Rockets WNIT victors 76-68Written by Chris Schmidbauer | | firstname.lastname@example.org
In a season filled with accolades, the UT Rockets women’s basketball team can add one more: WNIT Champions.
A seesaw affair from the start, the Rockets went on a 14-0 run, twelve of which were contributed by junior guard Naama Shafir, to put the midnight blue and gold up, and they would never look back.
“I’m incredibly proud of our team,” head coach Tricia Cullop said after the game. “To look at the string of wins that they put together is truly amazing. Only two teams can call themselves national champions at the end of the season, and we are one of them.”
While the Rockets are champions, it was due in large part to a 40 point effort from Naama Shafir. The junior guard shot 13-27 from the floor and 13-18 at the foul line. When it came down to it, Shafir saved her best performance of the season for the team’s last game.
Shafir, who is a practicing Orthodox Jew, was unable to speak to the media due to an observance of the Sabbath, so her teammates spoke for her.

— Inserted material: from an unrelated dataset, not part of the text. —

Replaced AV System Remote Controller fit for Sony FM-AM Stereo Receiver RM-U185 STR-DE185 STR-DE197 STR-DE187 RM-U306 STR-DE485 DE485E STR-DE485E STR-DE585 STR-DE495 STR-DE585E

“[Naama] has had dominating performances before, but none have been quite like this,” senior Melissa Goodall said. “Her will and her drive tonight were beyond anything I have seen before from her.”

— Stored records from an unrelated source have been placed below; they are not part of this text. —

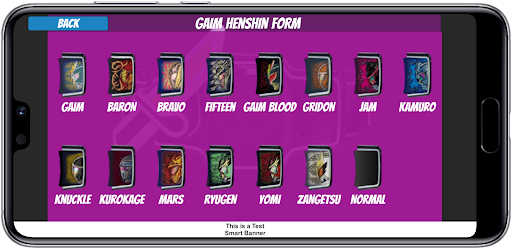 DX Henshin Belt for Gaim apkdebit screenshots 12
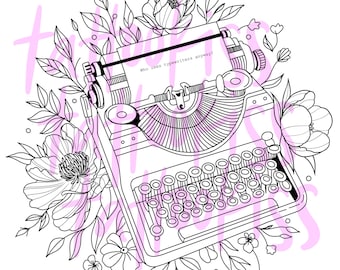 Who Uses Typewriters Anyway? TTPD Tattoo Idea Minimalist Fine Line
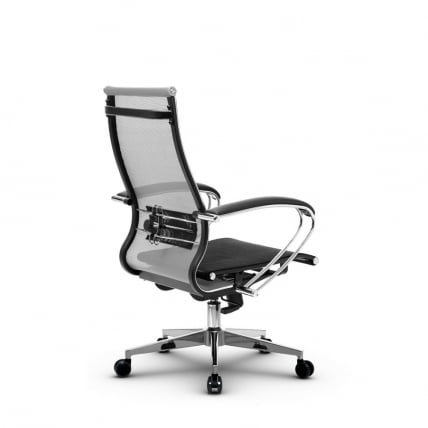 Офисное кресло МЕТТА Комплект 9, Основание 17834 Серый/Черный_2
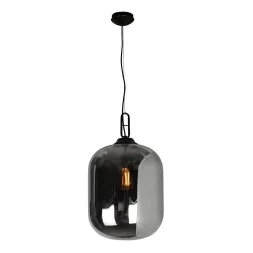 Подвесной светильник iLamp Mono 8792M/1P GR+BK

Shafir’s personal twelve point scoring run started at the 11:53 mark in the second half when her drive to the basket tied the game up at 47-47. The highlight was a three pointer as time expired on the shot clock that brought the 7,301 fans packed inside Savage Arena to their feet.

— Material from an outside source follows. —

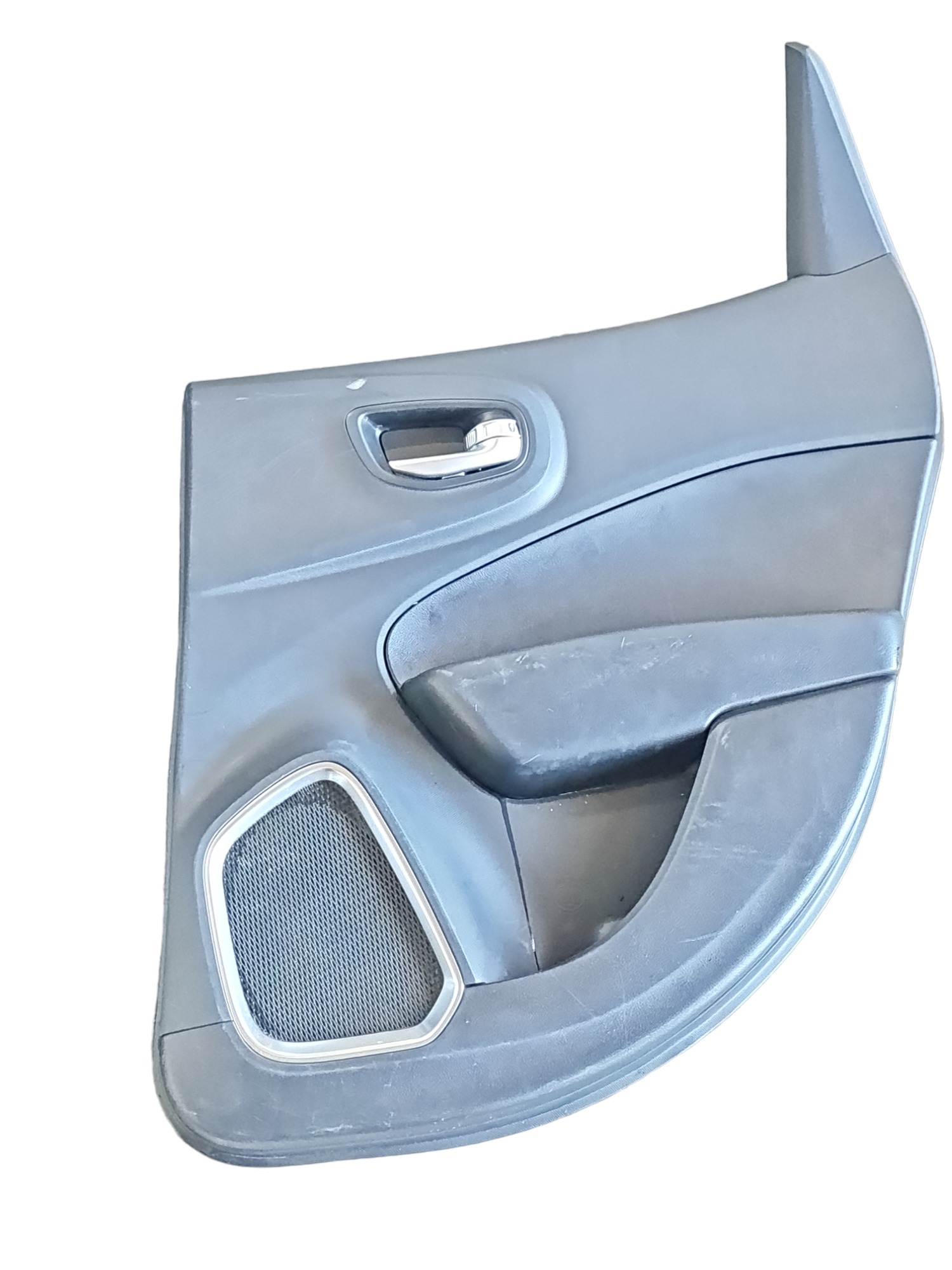 Forro De Porta Traseiro Direito Fiat Toro Volcano 19 Detalhe Preto 1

“She just showed how much she has grown since she came her,” Goodall said. “She just didn’t quit today. She is our “little engine that could” I guess.”
The Rockets would push the lead to as much as 14 points after Goodall’s three put UT up 67-53 with 3:02 left to go in the second half.
USC was not done though. Over the final three minutes of the ballgame, USC would trim the lead to just four at 70-66 with 36 seconds left in the second half.
“It was frustrating because we missed free throws, and then we were giving up quick shots or fouling them,” Cullop said, remarking, “I don’t know if we were trying to help the T.V. ratings or what.”
The Rockets would look to Shafir once again to close out the ballgame. She would score UT’s last four points all at the charity stripe to close out the ballgame.
“As frustrated as I was, I was so happy that we made free throws down the stretch and cut down on turnovers to win,” Cullop said.
As the buzzer sounded and confetti fell, the UT student body stormed the court to celebrate the school’s first ever national championship in women’s basketball.
“We have worked extremely hard to get here, and I am just so happy that our seniors can go out with a win.
During the post game awards ceremony, sophomore Yolanda Richardson, a Toledo native, was named to the All WNIT Tournament Team, and Shafir was named the tournament’s MVP.
While honored to receive the personal accolade, Richardson said she was never concerned with personal accomplishments.
“I wasn’t really ever thinking about winning any individual awards,” she said. “To me this was about how could I help my team win a championship.”
Cullop said Richardson’s crucial play during the Rockets WNIT tournament run was a key to them winning.
“From the time we played our first game in the conference tournament till now, Yolanda has shown us the sky is the limit with her,” Cullop said. “Her defense and rebounding was big for us against USC today.”
Richardson admitted winning this game might carry a little more weight with her being a hometown girl.
“This was the goal [to win a championship] when I signed here two years ago,” the Start graduate said. “The point in coming here was to win and be a part of something like this for the city and university.”
Cullop said after the game that the win had yet to sink in with her but reflected on the team’s historic run.
“I met with some of the WNIT committee this morning and told them how great this run has been for program. Even though the first goal was to make the NCAA tournament, this run could have been the best thing for us,” she said.
Cullop said the team’s growing support has paid immediate dividends and allowed the program to do things that they would not have been able to in the NCAA.